Information provided:
[Start of section]

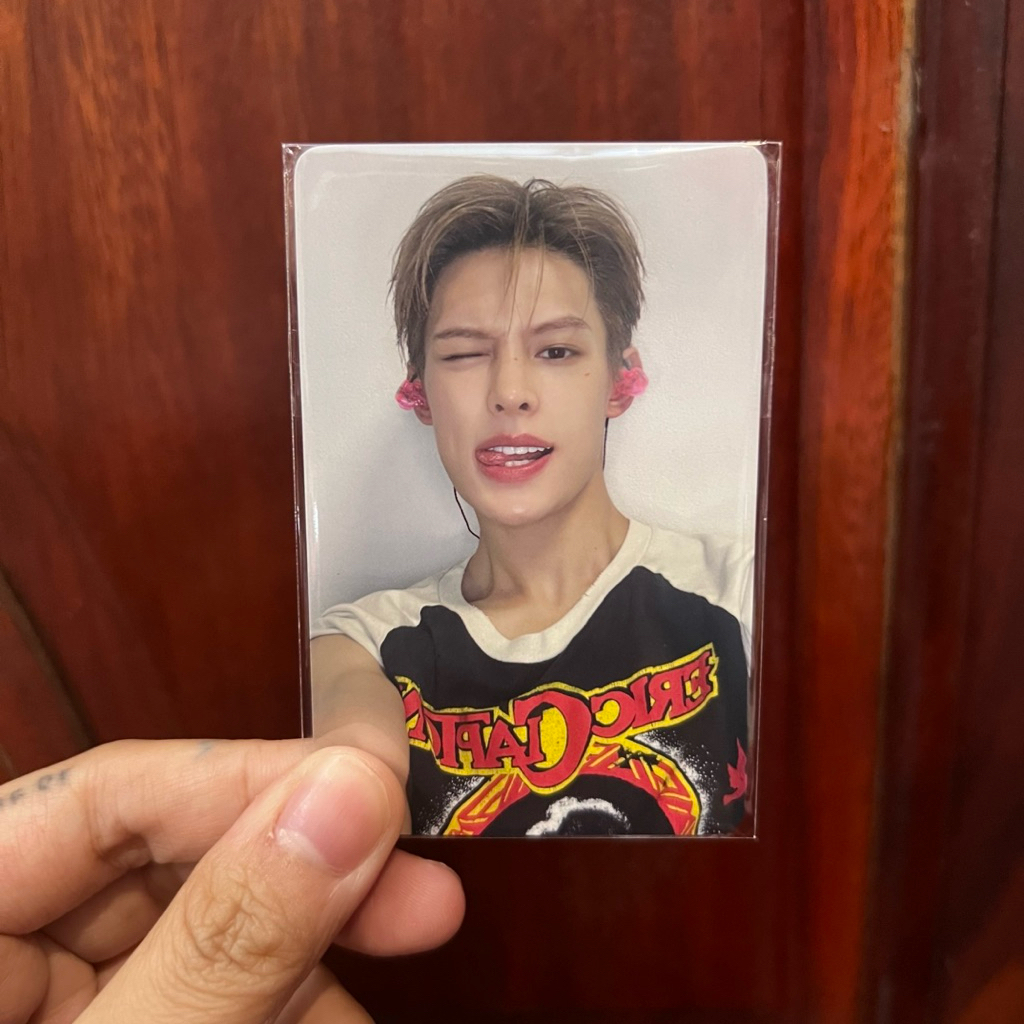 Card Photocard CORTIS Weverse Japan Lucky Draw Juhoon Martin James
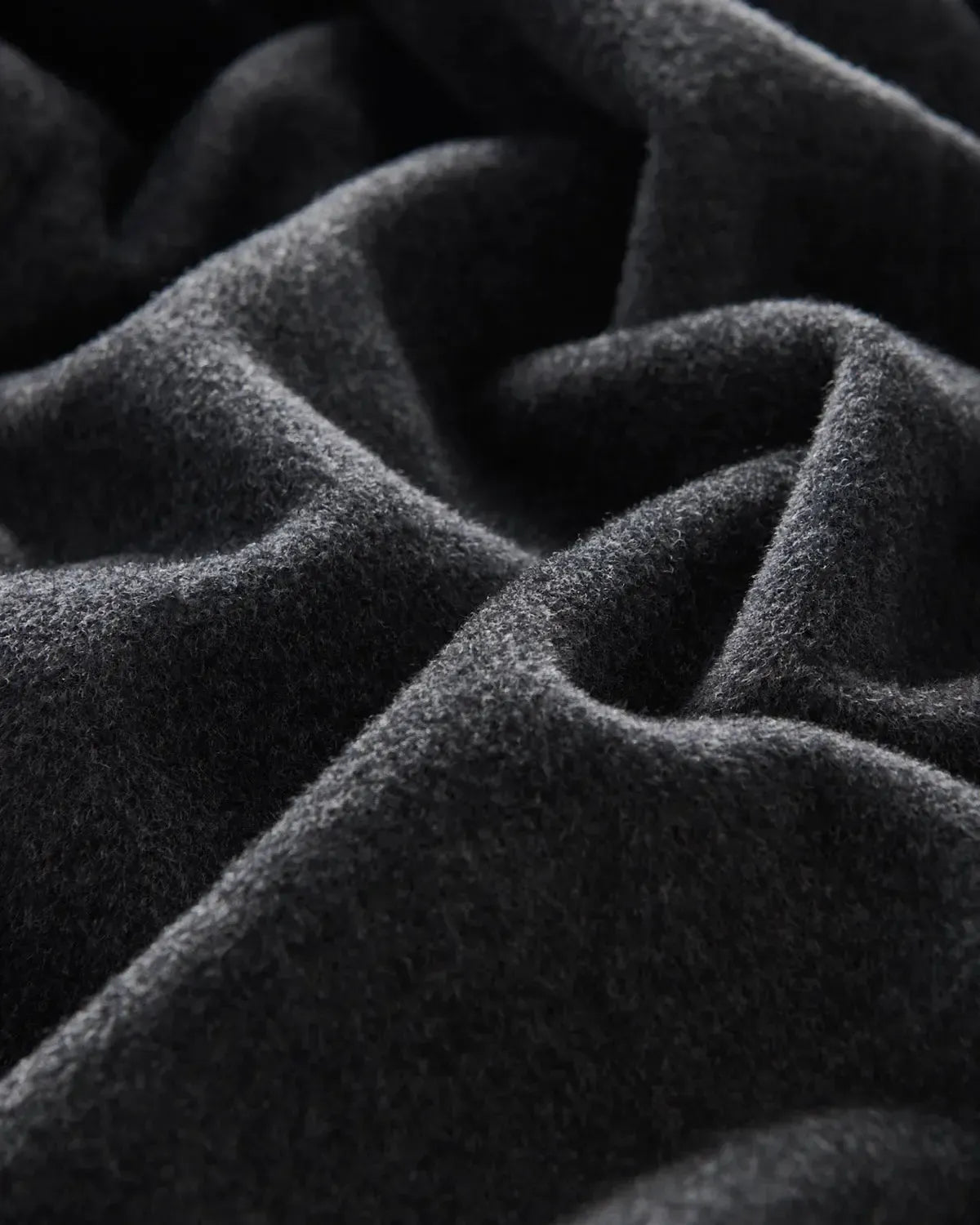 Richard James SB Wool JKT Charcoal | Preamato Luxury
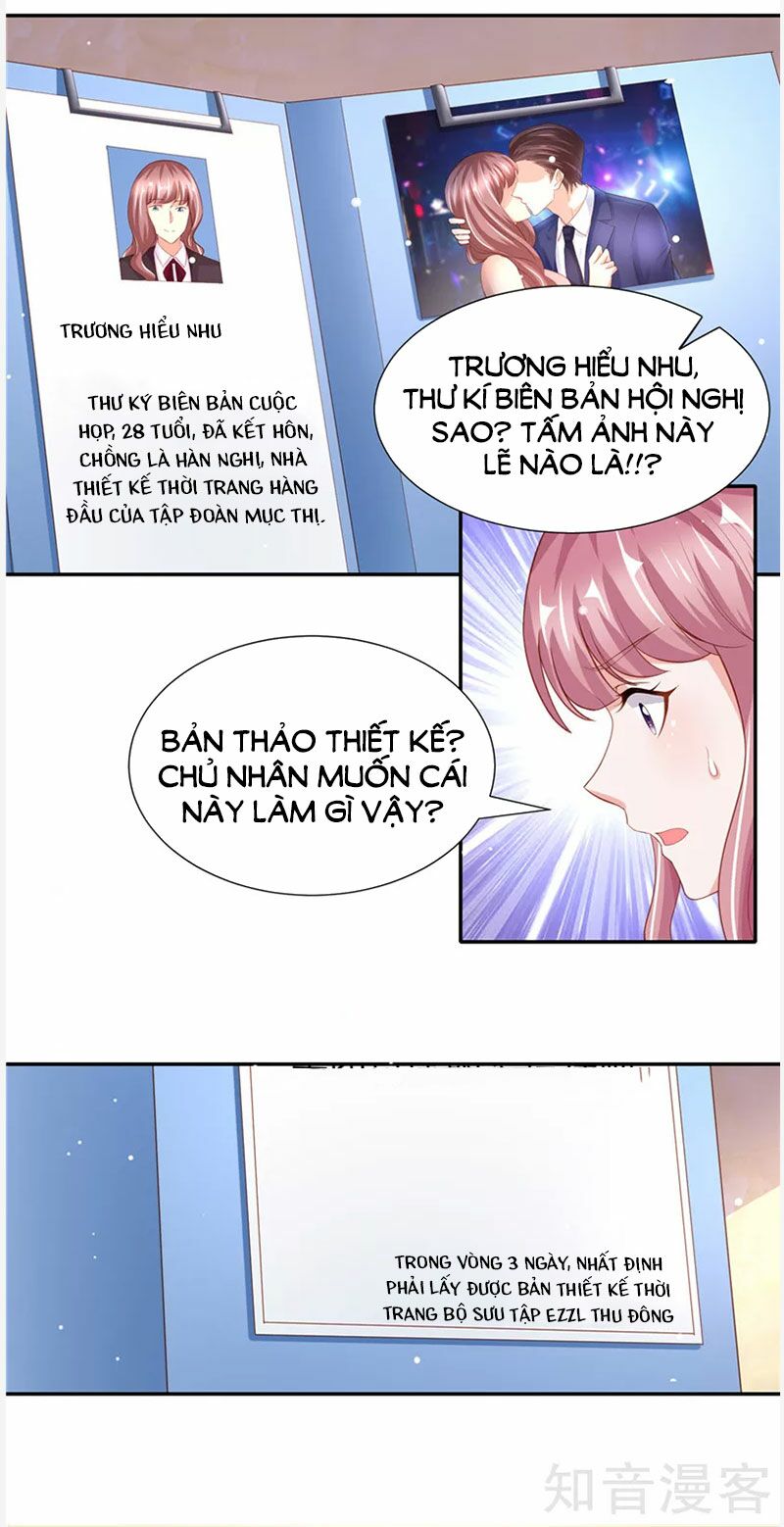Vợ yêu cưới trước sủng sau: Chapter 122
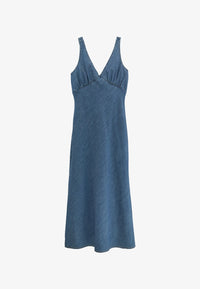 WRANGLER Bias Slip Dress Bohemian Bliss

[End of section]

What is required: Do not include the pictures. Quote only the lines from the line with "Richard James SB" through the end of the material, both ends included, exactly.

Answer section:
 Richard James SB Wool JKT Charcoal | Preamato Luxury
Vợ yêu cưới trước sủng sau: Chapter 122
 WRANGLER Bias Slip Dress Bohemian Bliss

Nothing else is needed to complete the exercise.